MUMBAI: Bombay high court has held that the two public interest litigation (PIL) filed by one
Janak Vyas and a BJP MLA Girish Mahajan against the State’s amended rule of open voting for the election of its Assembly Speaker are “politically induced litigation.".
The HC bench of Chief Justice Dipankar Datta and Justice M S Karnik on March 9 dismissed the two petitions and forfeited a collective security deposit of Rs 12 lakh –including Rs 10 lakh from Mahajan--the two were directed to the shell for hearing the PIL after State’s preliminary objection to their maintainability.
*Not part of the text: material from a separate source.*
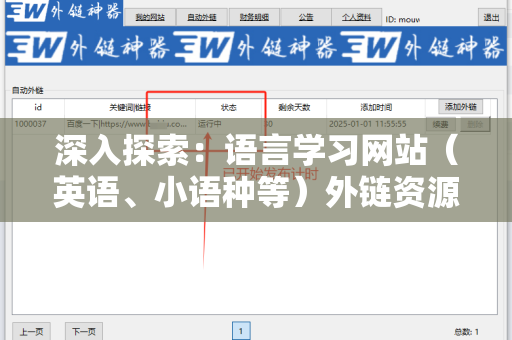 深入探索：语言学习网站（英语、小语种等）外链资源的整合与应用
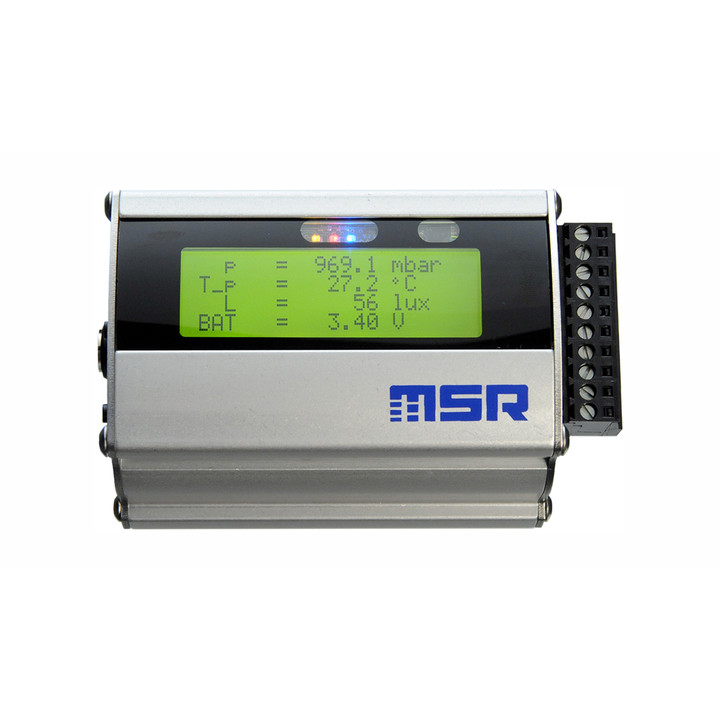 Przenośny rejestrator danych MSR 255 z wyświetlaczem LCD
The amount shall be used for charitable purposes to provide better facilities to senior citizens residing in old age homes and destitute and orphan children in children's homes and orphanages. The HC directed its Registrar General to identify three homes each in the two categories.
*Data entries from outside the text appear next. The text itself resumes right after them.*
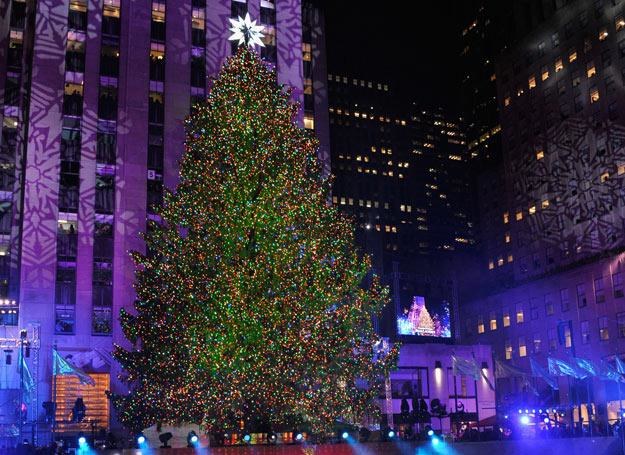 Tradycyjna choinka w Nowym Jorku już oświetlona. Święta coraz bliżej! - fot. Stephen Lovekin /Getty Images/Flash Press Media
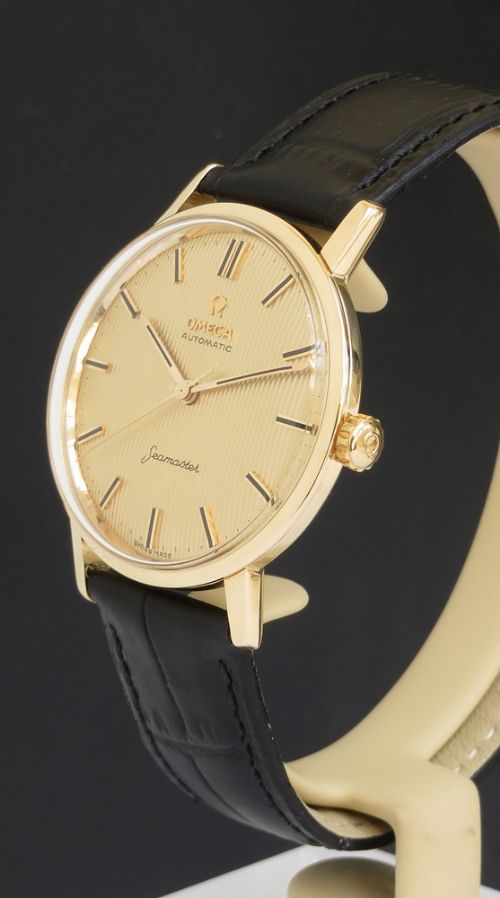 fig 1. Very Rare Solid 18ct Gold Omega Seamaster Deluxe c1961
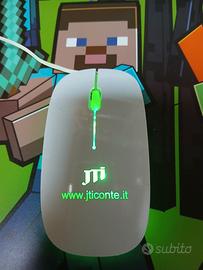 Mouse Retroilluminato Verde Usb.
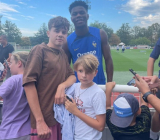 Elouan et sa rencontre avec l&#039;équipe de France de football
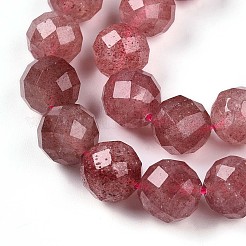 Natural Strawberry Quartz Beads Strands&nbsp;G-S345-10mm-21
The HC said the present petitions “serve only one purpose”—“clog the stream of justice by preventing the Court from considering more deserving cases…’’
“On a conspectus of the facts and circumstances…, we unhesitatingly hold that neither Vyas nor Mahajan has passed the test of uberrima fides. We, therefore, uphold the contention of “Advocate General Ashutosh) Kumbhakoni that these PIL petitions are not intended to secure public interest. We are of the clear view that political considerations have driven both Vyas and Mahajan to institute these proceedings, which are more in the nature of “politically induced litigation” rather than “public interest litigation”, held the HC.
The HC said, "Although both (senior counsel Mahesh) Jethmalani and (counsel Subhash) Jha have in unison taken exception to the amendments by branding them as arbitrary, illegal and unconstitutional and in violation of Rules 223 to 225 of the Member of Legislative Assembly (MLA) Rules, they have utterly failed in their effort to demonstrate any infraction, much less genuine infraction as observed above."
The HC also said though Mahajan’s counsel Jethmalani contended that the chief minister in terms of the Constitutional scheme cannot make any recommendation to the Governor for fixing the date of election and that the recommendation has to be made by the council of ministers, "there is no pleading" in either PIL that the CM’s recommendation of March 9, 2022 as date of Speaker poll was made as CM and is not based on the collective decision of the council of ministers.
"There is also no reason to infer on facts and in the circumstances that the recommendation of the Chief Minister does not have the support of the council of ministers," held the HC.
The HC in the judgment made a reference to the progress of the proceedings two PIL petitions and said it was so done “ to highlight the obstinacy of Vyas and Mahajan to pursue the causes, despite being put on guard.” It had added, “ We would bear in mind such conduct, which is extremely relevant while deciding these PIL petitions.”
The HC citing guidelines laid down by the Supreme Court earlier said, "Our understanding of the guidelines in such paragraph does not persuade us to hold that calling for an election of the Speaker is within the discretion of the Governor.."
It also said “.Rule 6(1), as amended, if read with Article 168, leaves no manner of doubt that neither is any Constitutional provision offended nor can it be said with any degree of conviction that the death knell of democracy has been sounded with the amendments in Rules 6 and 7.
“Each Legislative Assembly of the States is independent and can amend their Rules of Procedure, framed under Article 208, subject to the known limitations. There is no law that requires the Rules of Procedure of all Legislative assemblies would be the same. There is nothing wrong in the Assembly in this State making amendments in its Rules of Procedure consistent with the provisions of the Constitution. That apart, 10 other States having different procedures is sufficient indication of the nation’s diversity in framing rules that are appropriate for each individual region," said the order.
The PIL had said the poll rule amended last December was “the death of democracy.”
The HC judgment said, “The procedure for election of the Speaker is charted out in Rules 6(2), 6(3) and 6(4). Since Article 178 of the Constitution refers to choosing of a member from amongst members of the Assembly to be the Speaker and the Deputy Speaker, we do not see any reason to hold that the amendments introduced in the various sub-rules of Rule 6 would have the effect of offending the Constitutional provision in Article 178 or even inflicting a death blow to democracy."